> EXERCISE DATA

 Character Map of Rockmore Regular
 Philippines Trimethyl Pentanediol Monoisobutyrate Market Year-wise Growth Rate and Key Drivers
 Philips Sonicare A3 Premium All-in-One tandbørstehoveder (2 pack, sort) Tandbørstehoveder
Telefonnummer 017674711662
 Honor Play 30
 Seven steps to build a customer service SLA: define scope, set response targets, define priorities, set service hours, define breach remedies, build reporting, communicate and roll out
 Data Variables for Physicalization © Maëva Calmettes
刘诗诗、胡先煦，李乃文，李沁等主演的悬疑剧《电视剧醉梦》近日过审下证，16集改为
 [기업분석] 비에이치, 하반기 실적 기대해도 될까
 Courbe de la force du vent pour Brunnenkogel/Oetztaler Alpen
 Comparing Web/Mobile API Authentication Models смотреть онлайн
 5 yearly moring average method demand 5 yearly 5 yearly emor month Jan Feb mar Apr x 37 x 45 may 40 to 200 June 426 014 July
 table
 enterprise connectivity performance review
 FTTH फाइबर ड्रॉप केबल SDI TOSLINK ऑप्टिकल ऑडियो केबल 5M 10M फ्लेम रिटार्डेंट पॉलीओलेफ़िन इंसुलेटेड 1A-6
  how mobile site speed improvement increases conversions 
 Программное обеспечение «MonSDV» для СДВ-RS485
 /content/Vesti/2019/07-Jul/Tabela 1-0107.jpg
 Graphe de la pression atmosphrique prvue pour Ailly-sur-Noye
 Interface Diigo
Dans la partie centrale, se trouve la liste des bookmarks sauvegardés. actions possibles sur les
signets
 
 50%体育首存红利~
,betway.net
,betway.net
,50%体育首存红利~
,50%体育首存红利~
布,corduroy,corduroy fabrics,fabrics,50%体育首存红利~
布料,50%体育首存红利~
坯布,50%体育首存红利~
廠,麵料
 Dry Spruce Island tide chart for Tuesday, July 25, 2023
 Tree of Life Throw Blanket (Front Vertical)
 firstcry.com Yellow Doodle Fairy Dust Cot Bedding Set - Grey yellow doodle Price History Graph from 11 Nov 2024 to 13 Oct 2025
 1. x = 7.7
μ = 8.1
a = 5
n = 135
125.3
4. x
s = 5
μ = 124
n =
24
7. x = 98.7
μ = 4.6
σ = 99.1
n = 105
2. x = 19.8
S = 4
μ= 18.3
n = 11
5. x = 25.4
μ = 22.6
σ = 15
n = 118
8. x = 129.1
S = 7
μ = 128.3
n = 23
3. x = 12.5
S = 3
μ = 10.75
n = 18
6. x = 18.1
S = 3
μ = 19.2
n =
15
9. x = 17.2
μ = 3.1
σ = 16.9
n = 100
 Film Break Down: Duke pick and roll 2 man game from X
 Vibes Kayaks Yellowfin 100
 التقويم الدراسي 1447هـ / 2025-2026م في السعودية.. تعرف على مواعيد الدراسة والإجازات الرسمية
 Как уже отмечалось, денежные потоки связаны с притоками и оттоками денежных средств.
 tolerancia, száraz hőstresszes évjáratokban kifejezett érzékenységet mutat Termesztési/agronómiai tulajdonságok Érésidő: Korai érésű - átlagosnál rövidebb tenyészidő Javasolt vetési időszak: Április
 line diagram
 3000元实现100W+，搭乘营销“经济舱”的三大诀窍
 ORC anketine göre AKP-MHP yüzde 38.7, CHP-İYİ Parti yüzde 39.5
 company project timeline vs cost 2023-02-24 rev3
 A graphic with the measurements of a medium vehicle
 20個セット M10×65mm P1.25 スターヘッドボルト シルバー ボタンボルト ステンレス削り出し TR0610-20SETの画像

> REQUIRED WORK
Each line in the entries above, starting at the line with "Honor Play 30" and ending at the line with "Interface Diigo", is to be printed exactly, and only those lines.

> ANSWER SECTION
 Honor Play 30
 Seven steps to build a customer service SLA: define scope, set response targets, define priorities, set service hours, define breach remedies, build reporting, communicate and roll out
 Data Variables for Physicalization © Maëva Calmettes
刘诗诗、胡先煦，李乃文，李沁等主演的悬疑剧《电视剧醉梦》近日过审下证，16集改为
 [기업분석] 비에이치, 하반기 실적 기대해도 될까
 Courbe de la force du vent pour Brunnenkogel/Oetztaler Alpen
 Comparing Web/Mobile API Authentication Models смотреть онлайн
 5 yearly moring average method demand 5 yearly 5 yearly emor month Jan Feb mar Apr x 37 x 45 may 40 to 200 June 426 014 July
 table
 enterprise connectivity performance review
 FTTH फाइबर ड्रॉप केबल SDI TOSLINK ऑप्टिकल ऑडियो केबल 5M 10M फ्लेम रिटार्डेंट पॉलीओलेफ़िन इंसुलेटेड 1A-6
  how mobile site speed improvement increases conversions 
 Программное обеспечение «MonSDV» для СДВ-RS485
 /content/Vesti/2019/07-Jul/Tabela 1-0107.jpg
 Graphe de la pression atmosphrique prvue pour Ailly-sur-Noye
 Interface Diigo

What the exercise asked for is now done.